For human rights protection, Italy needs a clear break with past practices
Strasbourg, 09/7/2012 - “The Italian government has been giving signs of a shift in policy, which suggests that there may be an opportunity to finally stop and reverse the erosion of human rights standards in the country. What Italy needs now is for these signs to be transformed into concrete, unambiguous policies and actions” said Nils Muižnieks, Council of Europe Commissioner for Human Rights, after a four-day visit to Rome between 3 and 6 July.
During his visit, the Commissioner focused on the human rights of Roma and Sinti and on the human rights of migrants, including asylum seekers. “I have also decided to address the functioning of the judiciary in Italy and the length of court proceedings, one of the longest-standing human rights problems in Europe and a major concern for the European Court of Human Rights” said the Commissioner.
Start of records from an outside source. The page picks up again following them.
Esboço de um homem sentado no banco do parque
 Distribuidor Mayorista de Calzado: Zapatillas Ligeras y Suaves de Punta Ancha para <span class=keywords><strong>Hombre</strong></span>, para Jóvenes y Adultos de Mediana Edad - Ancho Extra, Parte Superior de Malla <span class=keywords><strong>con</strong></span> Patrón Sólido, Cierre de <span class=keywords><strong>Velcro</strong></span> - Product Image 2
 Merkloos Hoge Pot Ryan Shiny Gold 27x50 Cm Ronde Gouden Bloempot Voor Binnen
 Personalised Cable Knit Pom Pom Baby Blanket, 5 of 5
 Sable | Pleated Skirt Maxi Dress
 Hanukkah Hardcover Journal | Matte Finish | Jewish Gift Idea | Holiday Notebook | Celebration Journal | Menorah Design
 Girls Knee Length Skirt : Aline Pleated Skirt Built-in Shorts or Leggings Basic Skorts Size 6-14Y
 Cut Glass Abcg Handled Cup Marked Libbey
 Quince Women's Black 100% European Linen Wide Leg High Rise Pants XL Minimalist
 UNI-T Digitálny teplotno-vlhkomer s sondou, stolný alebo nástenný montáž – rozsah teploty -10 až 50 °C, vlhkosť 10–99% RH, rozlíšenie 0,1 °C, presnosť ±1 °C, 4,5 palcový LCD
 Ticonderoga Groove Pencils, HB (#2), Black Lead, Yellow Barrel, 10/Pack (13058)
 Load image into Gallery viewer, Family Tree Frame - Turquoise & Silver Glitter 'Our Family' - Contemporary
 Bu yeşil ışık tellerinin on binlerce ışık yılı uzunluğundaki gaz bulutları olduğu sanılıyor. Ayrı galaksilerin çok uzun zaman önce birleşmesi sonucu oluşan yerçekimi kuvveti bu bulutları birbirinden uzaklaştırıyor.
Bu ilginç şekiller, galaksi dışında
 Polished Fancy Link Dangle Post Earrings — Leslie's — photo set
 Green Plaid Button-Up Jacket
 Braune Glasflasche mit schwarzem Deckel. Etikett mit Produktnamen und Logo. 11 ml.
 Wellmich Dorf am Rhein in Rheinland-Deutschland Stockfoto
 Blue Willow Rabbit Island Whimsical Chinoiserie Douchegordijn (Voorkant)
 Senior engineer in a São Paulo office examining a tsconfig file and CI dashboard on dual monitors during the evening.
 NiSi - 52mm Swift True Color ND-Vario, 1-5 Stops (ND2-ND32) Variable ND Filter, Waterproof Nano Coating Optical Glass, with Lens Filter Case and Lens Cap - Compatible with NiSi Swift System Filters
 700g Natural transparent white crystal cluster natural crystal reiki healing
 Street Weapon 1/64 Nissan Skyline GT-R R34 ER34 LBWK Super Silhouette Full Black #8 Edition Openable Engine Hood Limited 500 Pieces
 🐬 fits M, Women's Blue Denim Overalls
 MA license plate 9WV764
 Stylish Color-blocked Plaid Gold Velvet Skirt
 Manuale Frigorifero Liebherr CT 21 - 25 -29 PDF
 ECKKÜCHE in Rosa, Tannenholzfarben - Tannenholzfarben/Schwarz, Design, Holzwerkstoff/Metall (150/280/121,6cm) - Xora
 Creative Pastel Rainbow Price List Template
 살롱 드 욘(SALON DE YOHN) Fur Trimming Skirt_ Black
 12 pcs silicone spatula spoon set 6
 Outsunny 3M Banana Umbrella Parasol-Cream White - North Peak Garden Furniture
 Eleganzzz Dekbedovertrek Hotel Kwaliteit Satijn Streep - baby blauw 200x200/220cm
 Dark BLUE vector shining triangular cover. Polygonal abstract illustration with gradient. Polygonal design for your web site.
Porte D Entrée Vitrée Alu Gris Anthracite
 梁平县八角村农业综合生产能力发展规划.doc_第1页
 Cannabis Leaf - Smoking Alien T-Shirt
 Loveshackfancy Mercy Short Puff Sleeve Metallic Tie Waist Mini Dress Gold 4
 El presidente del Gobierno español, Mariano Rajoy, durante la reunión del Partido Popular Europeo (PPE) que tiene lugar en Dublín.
As regards Roma and Sinti, the Commissioner welcomed the recent adoption in Italy of the first national strategy for the integration of Roma, adding that he was very pleased to see that the Roma and Sinti themselves had been consulted and involved in its development: “This strategy, which distances itself from the very harmful approach of the “Nomad emergency”, has to be implemented consistently” said the Commissioner. “It is therefore difficult to understand actions which appear to contradict the spirit of the strategy, such as the attempt to overturn the Council of State ruling declaring the ‘Nomad emergency’ unlawful, or the continuing construction of a segregated camp near Rome”. The Commissioner said that the good co-operation established between municipal authorities and Roma and Sinti in some cities should become the rule and be built upon to ensure that forced evictions into isolated camps are relegated to the past.
The Commissioner also welcomed the intention expressed by the authorities to resolve the plight of stateless Roma from former Yugoslavia, some of whom he met when visiting the camps of Salone and Salviati II. He expressed the hope that intentions would soon be translated into concrete actions.
Concerning migrants, the Commissioner welcomed recent declarations at the highest political level that the “push-back” policy will no longer be applied, in the light of the Hirsi Jamaa judgment of the Strasbourg Court. While appreciating the efforts throughout the country to accommodate persons arriving from North Africa in the first half of 2011, the Commissioner recommended that the system of reception centres be unified, guaranteeing an adequate level of protection everywhere, and capable of responding to fluctuating migratory flows. The Commissioner also pointed out that once officially recognized, refugees and other beneficiaries of international protection do not receive the crucial support they need to integrate into Italian society, and are therefore forced to live in destitute conditions. The Commissioner said “I personally witnessed the intolerable circumstances faced by 800 such persons, struggling to survive in an abandoned building in Rome. This is unacceptable in a country like Italy”.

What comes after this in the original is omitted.